Inflammatory bowel diseases (IBD), including ulcerative colitis and Crohn’s disease, are unpleasant, chronic conditions with few effective treatment options. Now, researchers at KU Leuven and Seoul National University may have found a way to potentially “switch on” the body’s natural tissue repair system.
As the name suggests, IBD is characterized by excessive inflammation in the bowel and gut. While the exact cause is unknown, IBD is an autoimmune disease, where the body’s immune system mistakenly begins to attack the gut lining and other healthy tissues, causing pain, ulcers, bleeding and other gastrointestinal symptoms.
Past studies have attempted to use immunotherapy to adjust the overzealous response, or target bacterial troublemakers to prevent them setting off the immune system in the first place.
But treating the condition is tricky – if the immune response is targeted, inflammation may be reduced but damage to the tissue won’t be repaired either. The roles of immune cells can be quite complex and difficult to unravel.

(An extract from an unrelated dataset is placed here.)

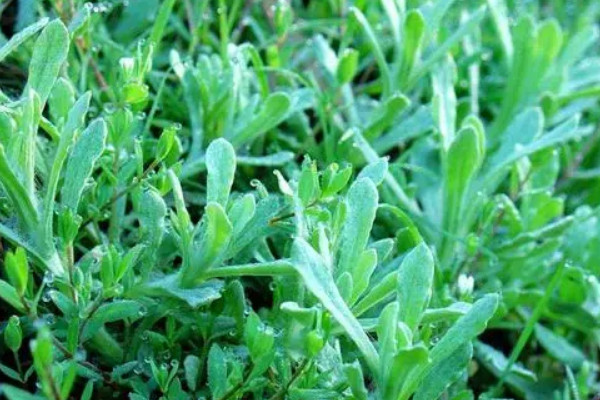 辟邪植物盆栽有哪些 鎮(zhèn)宅辟邪的盆栽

So for the new study, the researchers focused on one type of immune cell called macrophages, to try to untangle their role in the process. These cells are known to identify and destroy pathogens like bacteria, direct inflammation responses and help repair damaged tissue. Macrophages have been implicated in kicking off IBD in the first place – but they also seem to help repair tissue after a flare-up.
The team investigated the macrophages in the intestines of IBD patients, and found changes in a particular sub-group of macrophages seemed to be linked to different stages of the disease. Some macrophages are sensitive to a messenger molecule called prostaglandin E2 (PGE2), which plays a role in repairing damaged tissue.
"If the patients had acute disease, they had a lower amount of these beneficial cells, and if they went into remission, then amounts of macrophages went up,” says Professor Gianluca Matteoli, lead author of the study. “This suggests that they are part of the reparative process.”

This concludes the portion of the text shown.